Protecting multimodal large language models against misleading visualizations
Jonathan Tonglet, Tinne Tuytelaars, Marie-Francine Moens, Iryna Gurevych
TL;DR
The paper assesses the robustness of multimodal large language models (MLLMs) to misleading visualizations by evaluating 19 models across three compound datasets and a ChartQA benchmark, including a real-world mislead subset. It demonstrates that QA accuracy on misleading visuals can fall near random baselines, and it systematically compares six inference-time correction methods. Two methods—table-based QA and redrawing the visualization—provide the largest improvements (up to 19.6 percentage points) but can incur costs on non-misleading data, highlighting trade-offs between robustness and fidelity.

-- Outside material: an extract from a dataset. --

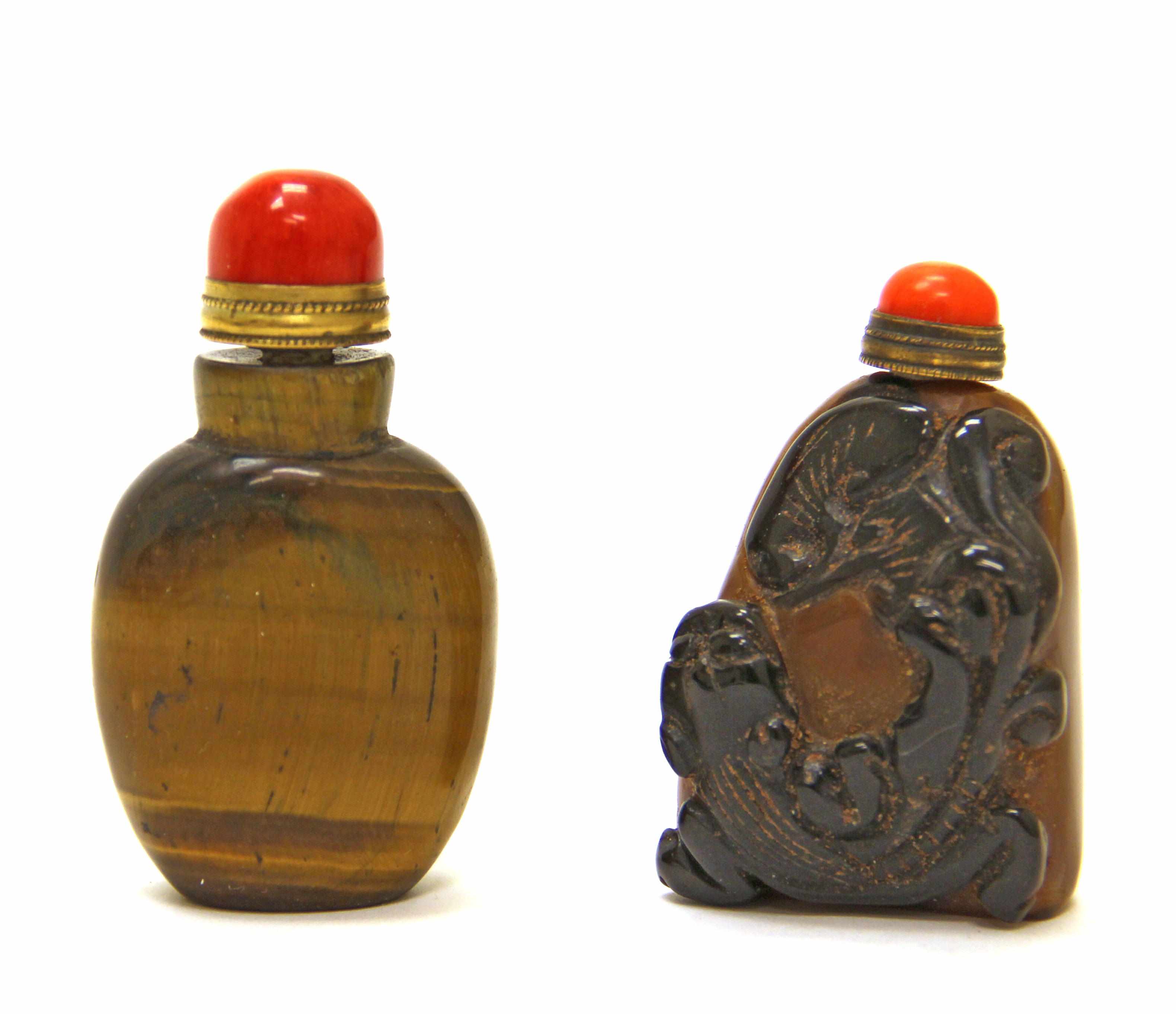 Appraisal: Two carved stone snuff bottles The first of horizontally striated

The work offers new datasets, code, and insights into the role of parametric knowledge and misleader types, underscoring the need for robust mitigation when deploying chart-understanding systems.
Abstract
Visualizations play a pivotal role in daily communication in an increasingly data-driven world. Research on multimodal large language models (MLLMs) for automated chart understanding has accelerated massively, with steady improvements on standard benchmarks. However, for MLLMs to be reliable, they must be robust to misleading visualizations, i.e., charts that distort the underlying data, leading readers to draw inaccurate conclusions. Here, we uncover an important vulnerability: MLLM question-answering (QA) accuracy on misleading visualizations drops on average to the level of the random baseline. To address this, we provide the first comparison of six inference-time methods to improve QA performance on misleading visualizations, without compromising accuracy on non-misleading ones. We find that two methods, table-based QA and redrawing the visualization, are effective, with improvements of up to 19.6 percentage points. We make our code and data available.